Broader scope, better advice

The guidance focuses on selected key air pollutants (particulate matter with a diameter of less than 10 μm and less than 2.5 μm, ozone, and nitrogen dioxide) and an extended set of health outcomes (morbidity and mortality for selected causes). The inclusion of morbidity outcomes, drawing on the findings of a related WHO global project, can enhance the way clean air benefits are communicated to decision-makers by facilitating comparison of economic gains from reduced morbidity with investments required for actions.

Wide policy relevance

This guidance is essential for advancing the latest WHO regional and global policy frameworks on air pollution, such as the Budapest Declaration and the Updated Road Map for an Enhanced Global Response to the Adverse Health Effects of Air Pollution.
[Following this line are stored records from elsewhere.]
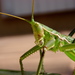 Predatory Bush-Cricket - Photo (c) Sylvain Gamel, some rights reserved (CC BY-NC)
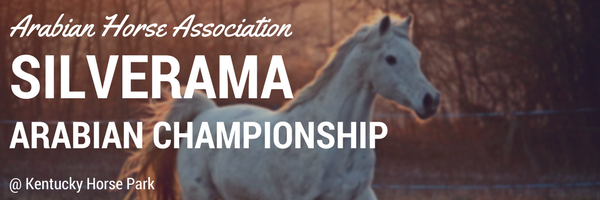 Silverama Arabian Championship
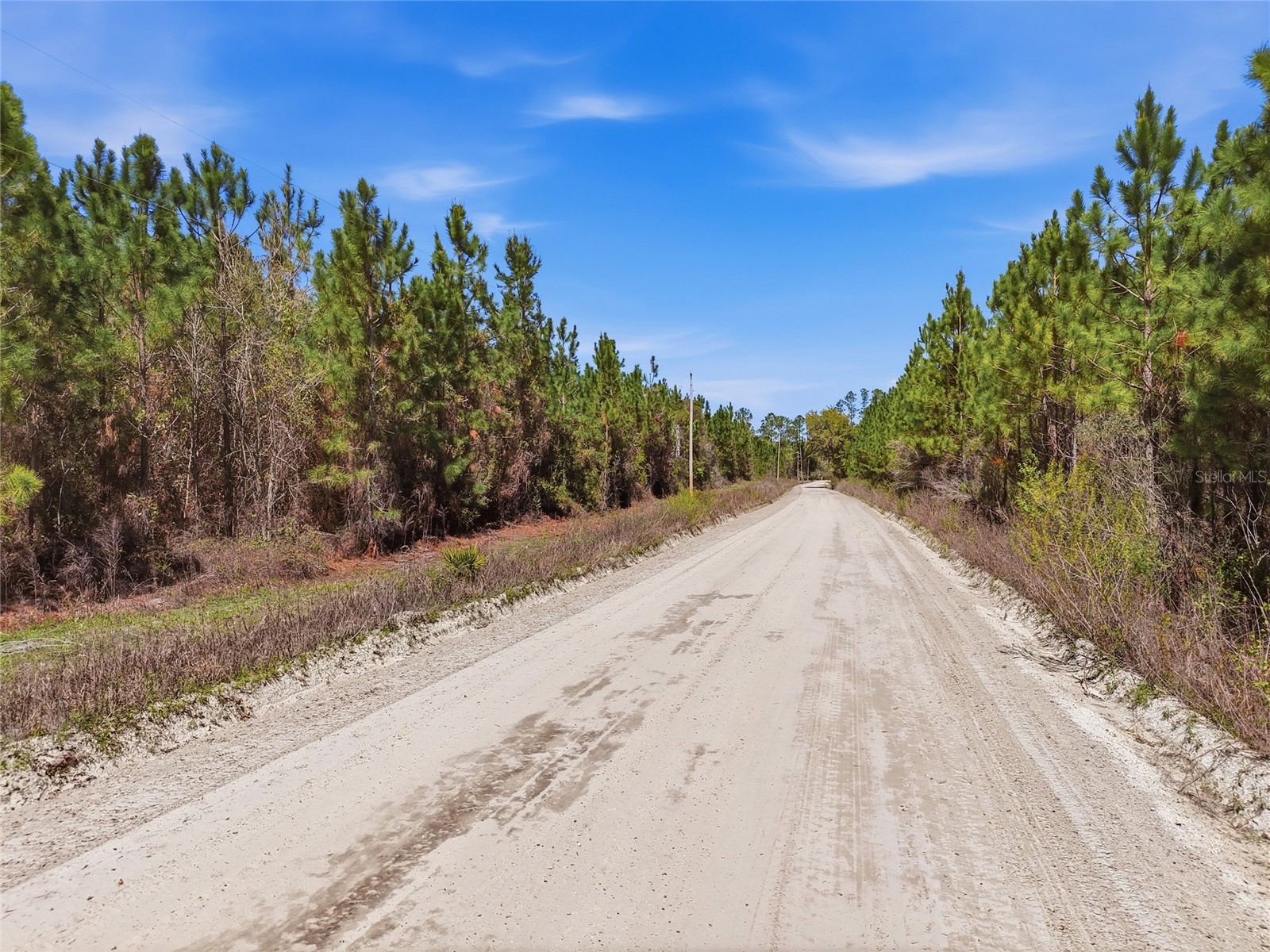 TBD SE Pounds Hammock Road Lake City FL 32025 GC538434 image10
It also supports the broader United Nations air pollution agenda, for example, by informing the revision of the Protocol to Abate Acidification, Eutrophication and Ground-level Ozone (the Gothenburg Protocol, part of the United Nations Economic Commission for Europe Air Convention) towards more ambitious emission reduction commitments for several air pollutants.

The Joint Task Force on the Health Aspects of Air Pollution, led by WHO/Europe, plays a specific role by providing evidence-based advice on health risk assessment of air pollution to the Air Convention and its bodies. In addition, the guidance is a relevant source for the work of other European institutions working on air quality and related issues such as climate action and energy policy, including the European Union and the European Environment Agency.

Revised concentration–response functions in the guidance also support the improvement of WHO tools, such as AirQ+, one of the most used tools worldwide for estimating the health effects of air pollution; and CLIMAQ-H, which estimates the health and related economic gains achieved through implementing actions aimed at mitigating climate change by reducing domestic carbon emissions and associated air pollution.

WHO’s role

The guidance is based on systematic reviews and other evidence syntheses and contributions from leading air quality experts, coordinated and supervised by the WHO European Centre for Environment and Health (ECEH) with co-funding from the European Union.

ECEH is a WHO/Europe centre of scientific excellence that develops policy advice and guidelines on issues such as air quality and noise to inform and support decision-making by governments, health professionals and other stakeholders.